また、第2・3版の刊行と同時に、『レーニンスキー・ズボールニク』(Ленинский Сборник) も刊行された。これは、レーニンの生涯と活動を明らかにするための資料を蒐集・刊行したもので、新発見の著作、手紙、電報などのほか、論文執筆のためのプラン、メモ、草稿、レーニンが読んだ本・雑誌・新聞などからのノート、演説の下書きといった著作集に収録しにくいものまでを集めている。
第4版および補巻
- Институт Маркса-Энгельса-Ленина при Ц.К. В.К.П.(б.) (ред.), «В.И. Ленин Сочинения», Изд. 4-е., В 47 т. Государственное Издательство политической литертуры. Москва, 1941-67 г.г.

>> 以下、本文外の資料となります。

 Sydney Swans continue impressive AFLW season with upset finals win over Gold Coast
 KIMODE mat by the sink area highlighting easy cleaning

- 『レーニン全集』全48巻(本巻45・別巻3、マルクス=レーニン主義研究所レーニン全集刊行委員会訳、大月書店、1953-69年)
- Lenin Collective Works, in 45 volumes (Progress Publishers, Moscow, 1960-70).
『レーニン全集』第4版は、1941年から1951年にかけて全連邦共産党(ボリシェヴィキ)中央委員会付属マルクス=エンゲルス=レーニン研究所によって新たな「レーニンの著作集」として編纂された。当初は全35巻からなり、著作および書簡を年代順に収録した。その後(1952年にソビエト連邦共産党に改称)、同研究所は、1954年にマルクス=エンゲルス=レーニン=スターリン研究所となり、別巻となる『便覧』1~2がこの名義で発行される。2927項目を収録し、各巻平均で80万部が発行された。しかし、スターリン時代に編纂されたことから、さまざまな問題点が存在すると批判されている(詳しくは、#特徴および批判を参照のこと)。

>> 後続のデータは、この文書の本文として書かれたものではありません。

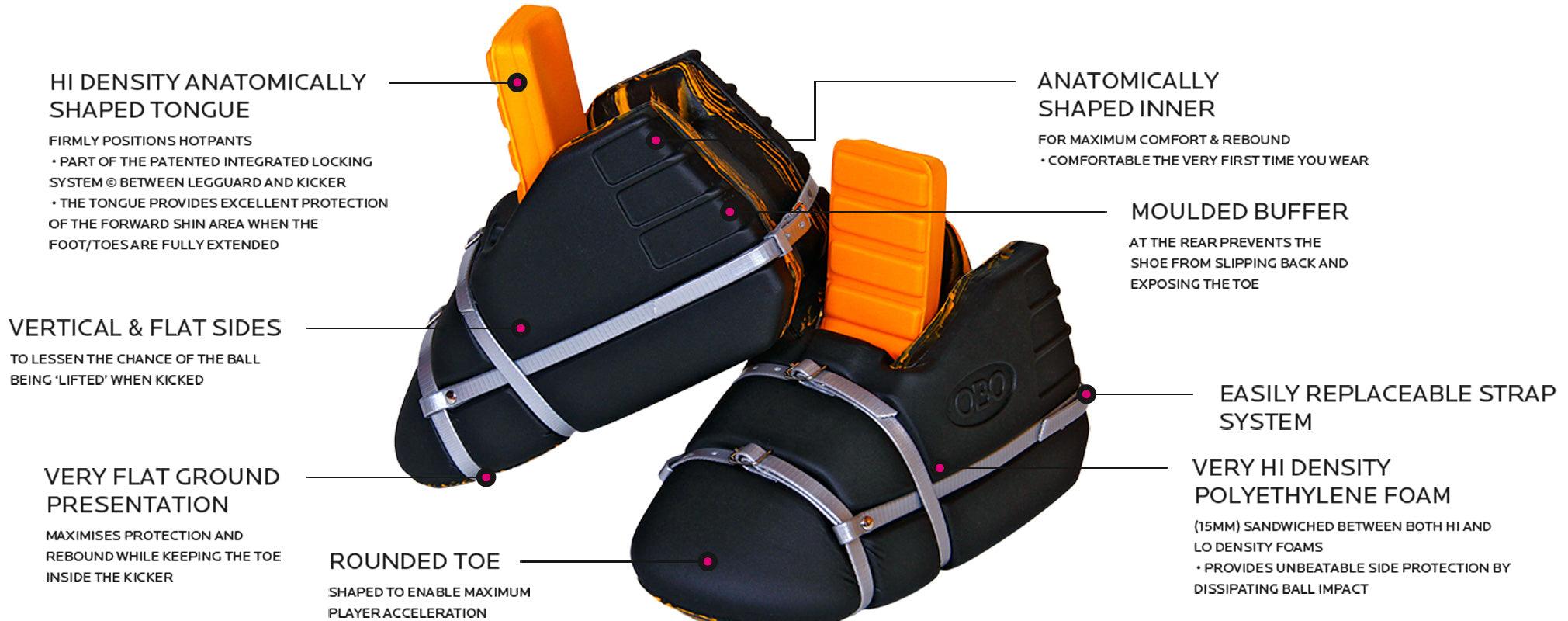 OBO | OBO CLOUD Kickers Black | CLOUD Kickers Black - Black / Medium | Total Hockey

その後、スターリン批判を受けて、1956年にマルクス=レーニン主義研究所となってから、1967年までに補巻として第36~45巻を発行する。内容は、第2版および第3版の巻末付録を削除した代わりに、レーニンの多くの新資料を収録した。最終的に全47巻からなり、第1~35巻が著作および書簡、別巻1~2が本巻の各種索引、補巻である第36~45巻が本巻に未収の著作・ノート・書簡となっており、いずれも国立政治図書出版所から刊行された。
この第4版に基づいて、日本語訳が1953年から1969年にかけて、大月書店版『レーニン全集』として刊行された(詳しくは、#日本語版を参照のこと)。また、英語訳も1960年から1970年にかけて、モスクワのプログレス出版所からLenin Collective Works として刊行された。
第5版
- Институт Марксизма-Ленинизма при Ц.К. К.П.С.С. (ред.), «В.И. Ленин Полное собрание сочинений», Изд. 5-е., В 57 т. Издательство политической литературы. Москва, 1958-65 г.г.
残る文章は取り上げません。